Discuss of speeding up shutil.copytree

Name: Speed up `shutil.copytree` !
Rating: 3.2 (1855 reviews)
Author: mengqinyuan

Write here

This is a discussion on , see: https://discuss.python.org/t/speed-up-shutil-copytree/62078. If you have any ideas, send me please !

Background

shutil is a very useful moudle in Python. You can find it in github: https://github.com/python/cpython/blob/master/Lib/shutil.py

shutil.copytree is a function that copies a folder to another folder.

In this function, it calls _copytree function to copy.

What does _copytree do ?

Ignoring specified files/directories.
Creating destination directories.
Copying files or directories while handling symbolic links.
Collecting and eventually raising errors encountered (e.g., permission issues).
Replicating metadata of the source directory to the destination directory.

Problems

_copytree speed is not very fast when the numbers of files are large or the file size is large.

Test here:

import os
import shutil

os.mkdir('test')
os.mkdir('test/source')

def bench_mark(func, *args):
    import time
    start = time.time()
    func(*args)
    end = time.time()
    print(f'{func.__name__} takes {end - start} seconds')
    return end - start

# write in 3000 files
def write_in_5000_files():
    for i in range(5000):
        with open(f'test/source/{i}.txt', 'w') as f:
            f.write('Hello World' + os.urandom(24).hex())
            f.close()

bench_mark(write_in_5000_files)

def copy():
    shutil.copytree('test/source', 'test/destination')

bench_mark(copy)

The result is:

write_in_5000_files takes 4.084963083267212 seconds
copy takes 27.12768316268921 seconds

What I done

Multithreading

I use multithread to speed up the copying process. And I rename the funtion _copytree_single_threaded add a new function _copytree_multithreaded. Here is the copytree_multithreaded:

def _copytree_multithreaded(src, dst, symlinks=False, ignore=None, copy_function=shutil.copy2,
                            ignore_dangling_symlinks=False, dirs_exist_ok=False, max_workers=4):
    """Recursively copy a directory tree using multiple threads."""
    sys.audit("shutil.copytree", src, dst)

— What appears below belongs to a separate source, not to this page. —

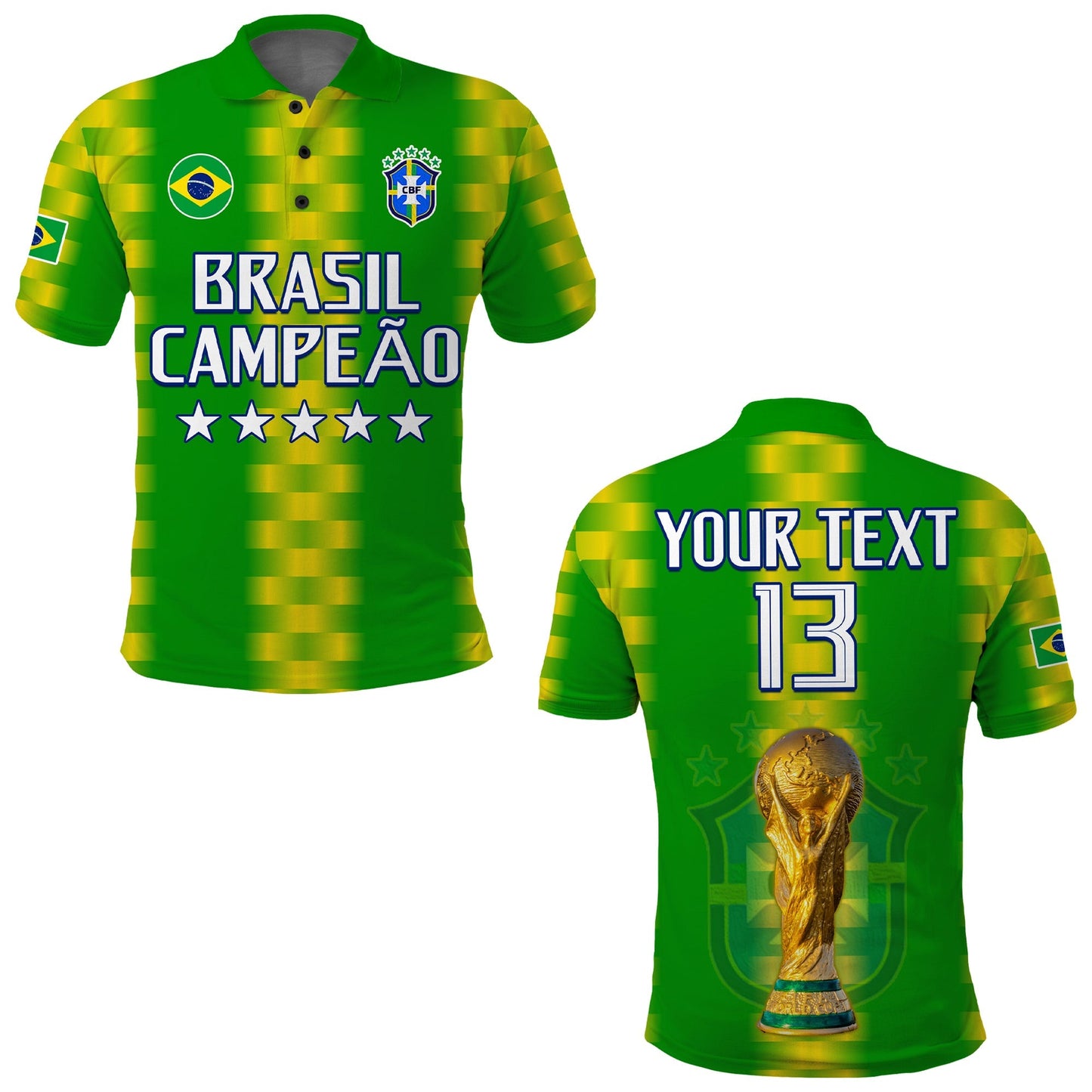 (Custom Text and Number) Brazil Football Champions Polo Shirt Proud Selecao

    # get the entries to copy
    entries = list(os.scandir(src))

    # make the pool
    with ThreadPoolExecutor(max_workers=max_workers) as executor:
        # submit the tasks
        futures = [
            executor.submit(_copytree_single_threaded, entries=[entry], src=src, dst=dst,
                            symlinks=symlinks, ignore=ignore, copy_function=copy_function,
                            ignore_dangling_symlinks=ignore_dangling_symlinks,
                            dirs_exist_ok=dirs_exist_ok)
            for entry in entries
        ]

        # wait for the tasks
        for future in as_completed(futures):
            try:
                future.result()
            except Exception as e:
                print(f"Failed to copy: {e}")
                raise

I add a judgement to choose use multithread or not.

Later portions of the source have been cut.